The evil Step-Parent. Certainly a stigma, and a strong one especially because we all automatically think of of wicked Step Parents and Evil Step Children as portrayed in the media. But stereotypes aside, stepparent-stepchild relationship is extremely critical for the happiness and security of any family. As the older and wiser, you should understand that the step-child’s hope of their Mom and Dad reuniting in a themed setting like in the movies is forever gone. So you should expect a grieving process. Sometimes it takes a few months to accept, sometimes never but whatever the case may be, you need to be prepared.
Trust is a key component in building of any relationship and it can take time to build as a child observes how you handle different situations. Do you listen actively? Do you really care about what is important with your step-child? Are you trying to become a part of their life out of want or necessity? They can sense dishonesty and insincerity.
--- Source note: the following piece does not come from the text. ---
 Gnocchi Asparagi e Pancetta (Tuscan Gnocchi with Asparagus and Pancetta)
If you “Demonstrate honesty, confidence, making good choices and being ‘real’…they will know, one way or the other.” If you’re able earn their trust, over time, you may become an important confidante.
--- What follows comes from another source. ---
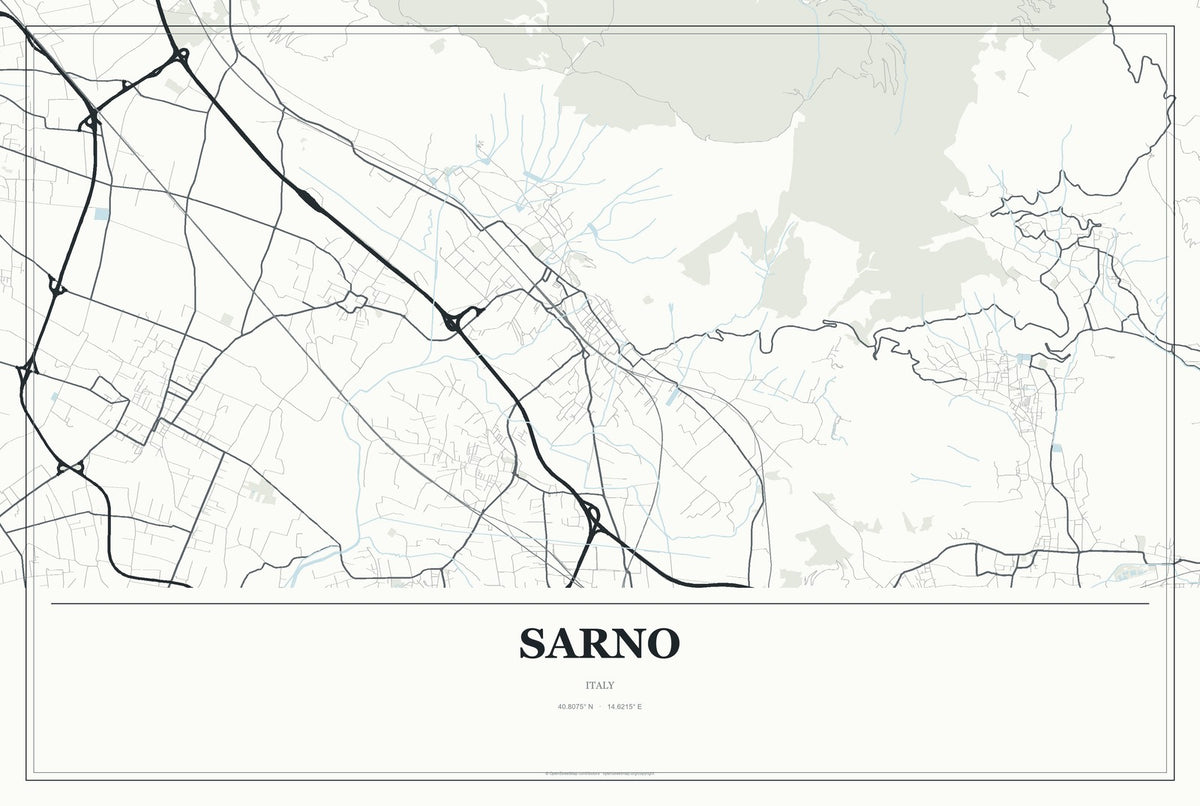 Sarno, Italy City Map Aluminum Sign in Gallery Air style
Never treat your Step-Child different than your own
Develop trust and honesty in your relationship with them
NEVER make them feel unwanted or unloved
To build some bridges, find some interests that you and your stepchildren share, and invite them to join you in these activities. Or better yet, create some new interest together. What is SO important in this process is to let go of the Fantasy. When there is a huge distance in expectations and reality, brace for the unhappiness. Don’t come into a family as a Step-Parent thinking that their is a time limit on grieving and a buzzer will sound when it is time that the family will immediately gel, the relationships will be tight, everyone will feel the love and the family will be a happy one because it really doesn’t work like that. Letting go of the fantasy will help you with the acceptance of what is really the reality and that’s needed to get to wherever you’re going, as a family.
Look, nobody goes into marriage anticipating divorce and children don’t look forward to the day their parents live in separate houses but it happens. Parenting is already tough and Step-Parenting…well that a whole new beast in addition. So if i had one word of advice for any Step-parent, it would be this: If you do have your own children, try not to show blatant favoritism to them. It is normal to feel more for your won children but your Step Child should never have to see this blatantly played out in front of them. That is just a horrible thing to do. Just keep in mind that although tips can be provided by peers, no one solution fits all.